AMMAN — The women’s movement in Jordan welcomed a recent parliamentary decision approving amendments to the Nationality Law that allows Jordanian women married to non-Jordanians to retain their nationality.
Earlier in the month, the Lower House of Parliament and the Senate Legal Committee approved the draft 2023 Citizenship Law, which aimed to facilitate procedures and address loopholes in the law. 
According to the bill, Jordanian women married to non-Jordanians would be able to retain their Jordanian nationality.
The validating reasons for the draft law included achieving harmony between laws related to restoring one’s nationality and allowing Jordanian women married to non-Jordanians, who renounced their Jordanian nationality and acquired their husbands’ nationality, to restore their Jordanian nationality without divorce. 
Before the law was passed, Jordanian women married to a non-Jordanian had to renounce their nationality, and were only able to regain it in the event of divorce or the death of the husband.
Meanwhile, Jordanian men married to non-Jordanian women had the right to keep their original nationality.
“This is an important and positive amendment,” Secretary General for the Jordanian National Commission for Women (JNCW) Maha Ali told The Jordan Times in a recent interview.
Ali, a former minister, added that “this was one of the demands that the JNCW advocated for with regard to women’s rights in general”.
“As in many cases, a woman married to a non-Jordanian may need to return to live in Jordan, and therefore it is important to be able to regain her Jordanian nationality,” Ali explained.
However, Ali maintained, “despite the positive impact of this amendment, it does not cover all the aspects that the JNCW aspires to, whether it is in terms of nationality or in other aspects related to women’s rights and women’s empowerment”.

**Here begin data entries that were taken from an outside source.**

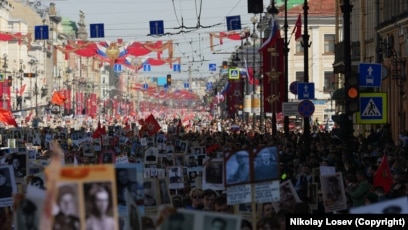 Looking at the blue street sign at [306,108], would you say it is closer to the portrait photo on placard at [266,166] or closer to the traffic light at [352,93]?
the traffic light at [352,93]

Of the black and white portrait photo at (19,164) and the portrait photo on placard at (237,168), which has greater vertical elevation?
the portrait photo on placard at (237,168)

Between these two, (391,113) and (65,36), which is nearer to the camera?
→ (391,113)

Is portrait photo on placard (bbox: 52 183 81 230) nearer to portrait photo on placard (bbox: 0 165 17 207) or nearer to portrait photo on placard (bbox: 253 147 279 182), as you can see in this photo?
portrait photo on placard (bbox: 253 147 279 182)

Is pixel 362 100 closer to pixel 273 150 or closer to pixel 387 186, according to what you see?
pixel 387 186

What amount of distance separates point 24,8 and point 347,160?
5065 inches

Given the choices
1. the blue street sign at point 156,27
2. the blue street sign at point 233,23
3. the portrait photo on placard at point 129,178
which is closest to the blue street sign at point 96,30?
the blue street sign at point 156,27

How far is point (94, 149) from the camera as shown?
36.1 metres

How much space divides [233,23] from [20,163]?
37798 mm

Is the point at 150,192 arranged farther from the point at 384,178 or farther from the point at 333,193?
the point at 384,178

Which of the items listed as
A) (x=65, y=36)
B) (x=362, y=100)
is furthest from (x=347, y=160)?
(x=65, y=36)

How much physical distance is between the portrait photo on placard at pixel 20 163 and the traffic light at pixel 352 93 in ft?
17.7

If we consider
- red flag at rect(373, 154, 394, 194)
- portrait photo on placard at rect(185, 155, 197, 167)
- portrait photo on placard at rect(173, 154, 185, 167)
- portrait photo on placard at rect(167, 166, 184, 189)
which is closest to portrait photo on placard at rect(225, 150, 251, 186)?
red flag at rect(373, 154, 394, 194)

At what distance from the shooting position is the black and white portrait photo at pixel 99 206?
7621mm

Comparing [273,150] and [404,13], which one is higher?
[404,13] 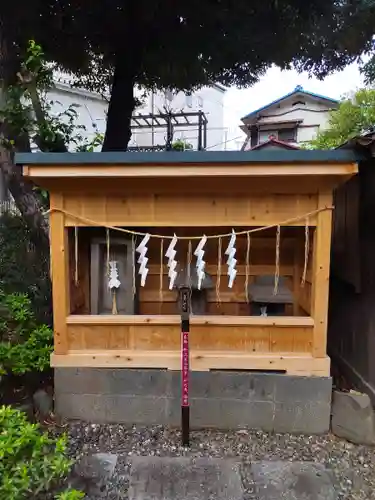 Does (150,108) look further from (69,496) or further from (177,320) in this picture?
(69,496)

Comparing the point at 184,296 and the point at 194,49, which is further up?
the point at 194,49

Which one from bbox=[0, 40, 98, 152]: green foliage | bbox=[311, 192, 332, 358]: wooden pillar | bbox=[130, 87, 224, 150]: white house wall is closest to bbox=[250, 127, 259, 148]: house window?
bbox=[130, 87, 224, 150]: white house wall

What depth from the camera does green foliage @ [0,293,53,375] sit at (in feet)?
Answer: 12.0

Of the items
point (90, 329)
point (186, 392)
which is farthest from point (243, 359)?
point (90, 329)

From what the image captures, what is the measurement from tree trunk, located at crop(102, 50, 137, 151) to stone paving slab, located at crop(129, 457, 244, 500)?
5719 millimetres

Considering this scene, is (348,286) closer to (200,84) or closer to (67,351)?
(67,351)

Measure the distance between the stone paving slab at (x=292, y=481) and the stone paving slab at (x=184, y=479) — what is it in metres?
0.16

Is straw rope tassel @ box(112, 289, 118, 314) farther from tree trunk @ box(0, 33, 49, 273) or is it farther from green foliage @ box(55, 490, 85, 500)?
tree trunk @ box(0, 33, 49, 273)

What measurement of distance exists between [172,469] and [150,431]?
55cm

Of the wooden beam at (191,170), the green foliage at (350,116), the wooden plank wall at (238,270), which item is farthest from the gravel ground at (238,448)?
the green foliage at (350,116)

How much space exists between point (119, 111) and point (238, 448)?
20.4 ft

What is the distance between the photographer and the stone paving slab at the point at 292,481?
2.71 metres

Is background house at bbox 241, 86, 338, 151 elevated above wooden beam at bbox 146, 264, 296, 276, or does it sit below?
above

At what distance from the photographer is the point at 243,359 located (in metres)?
3.50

“We need to have a more comprehensive view of various legislation that enables a supportive, decent and women-friendly work environment, as well as laws that facilitate and help women to fully participate and contribute to different aspects of the development of the country,” Ali stressed.
At present, the JNCW is working on updating a list of legislative demands prepared by the commission and its legal and economic teams and in consultation with different partners. The list contains comprehensive proposals for various pieces of legislation that reflect the priorities of Jordanian women at the national level, she added.
Therefore, the JNCW believes such reforms not only appear to be a positive step towards achieving equality between Jordanian women, regardless of the nationality of their husbands, but also an important step towards achieving equality for women more broadly.
Chairperson of the Forum of Jordanian Women Parliamentarians MP Mayada Al Shreim also welcomed the recent decision, saying it works to empower women and improve their living conditions.
“This new decision came to ensure justice for Jordanian women, and will work to empower them on many levels,” Shreim said in a press statement.
“My Nationality is the Right of My Family (MNRMF)” coalition member Aroub Soubh said this is a “step in the right direction”. 
“This condition of relinquishing citizenship for Jordanian women was unfair, since it discriminated against them,” Soubh, a journalist, told The Jordan Times in a recent interview.